BBC Capital:  Most insurance products are a risk management tool for personal items or business operations. Why has health insurance — private or government sponsored — developed as more of an intermediary to necessary or elective health services?

Dafny: Health insurance is certainly a risk management tool as well — at least when it doesn’t have features like annual or lifetime payout maxima [thereby capping the risk payout.] In the US, insurance also plays two other key roles.  First, it’s part of a worker’s compensation package. Employers purchase plans with pre-tax dollars. This skews compensation toward health insurance (versus salary).  Second, insurers are active intermediaries who help to manage the medical care consumed by plan enrollees.  They assemble networks of providers (and verify credentials), negotiate discounted rates with these providers, perform utilization review, offer “wellness programmes” and chronic disease management services, etc.

BBC Capital: What is the most significant difference between government-sponsored health insurance or health care and employer or individual market insurance?

Dafny: Government insurance programmes dictate prices, whereas private plans negotiate prices.  Private prices exceed government prices by quite a bit — over 35% in the case of hospital prices set by the Medicare programme for the elderly in the US, to take but one example. Prices set by Medicaid (for the indigent) are lower still, which has resulted in access problems (ie fewer providers accepting Medicaid patients).

BBC Capital: It seems clear how coverage for general wellness, public health and even chronic disease can help keep employers (or governments) running smoothly, but where do elective or cosmetic procedures come out?

Dafny:  Your question implicitly asks why there are “gold-plated” insurance plans that cover elective services and/or require low out-of-pocket costs in general. Employer-sponsored insurance can help explain this, as well, and it’s not just about the tax treatment of premiums. When employers choose health plans for their employees, they lean towards plan designs that do not generate lots of angry calls to their Human Resources departments. 

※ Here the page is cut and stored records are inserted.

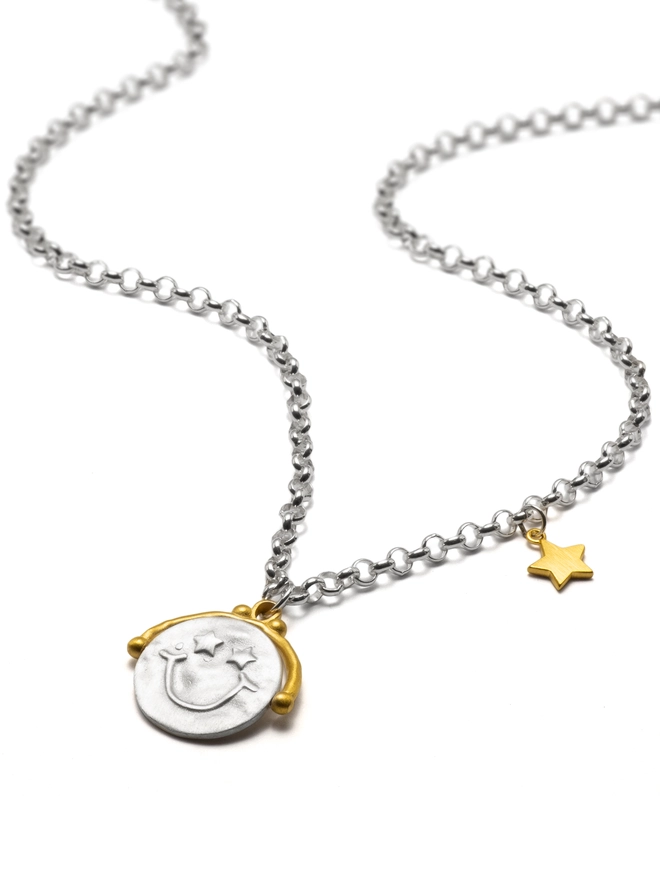 The Choose Happy Spinner Necklace is a sensory-friendly spinner pendant in sterling silver and gold plate. A meaningful piece of jewellery designed to calm anxious hands and encourage mindful moments.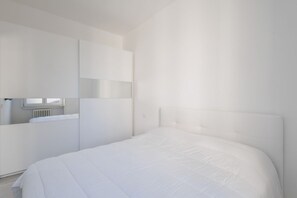 Une chambre moderne avec un grand lit, une armoire intégrée et une fenêtre.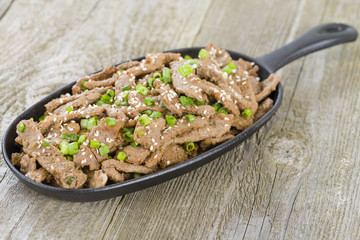 Bulgogi - Korean grilled marinated beef in a sizzle pan.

Large provider networks (which imply lower provider discounts) and generous benefit designs stave off those calls.  As the US shifts toward a system where individuals, not employers, select plans, I expect we’ll see broader enrolment in “bronze-plated” plans.  Indeed, the new health insurance exchanges offered in the US under the Affordable Care Act offer 4 tiers, and the lowest rung (bronze) is substantially less generous than private-sector employer-sponsored plans.  In the Commonwealth of Massachusetts (the pilot for the national exchange), the bronze plan is by far the most popular.

BBC Capital: So, what’s your view on the movement to shift more responsibility to providers?

Dafny: “Accountable Care Organisations,” as they are known in the US, and clinical commissioning groups in the UK will essentially bear some of the risk of medical spending by patients. If this model takes off, provider organisations (hospital systems, physician groups) will have to take on various functions currently performed by health insurers.  Providers don’t generally have such expertise in-house (eg risk-management skills, capabilities to interact with patients whose care is being actively managed by the provider organisation), and it seems unlikely that many could achieve minimum efficient scale for several of these functions. We could end up with fragmented mini-insurance companies within provider organisations, or with these provider organisations outsourcing many activities to larger, re-invented insurers.

It’s not at all clear to me how this reorganisation will reduce costs.

BBC Capital: Thank you for your time. We’re eagerly watching the implementation of the exchanges across the US to see if competition on rates and services can actually bring about a healthier, health “insurance” market.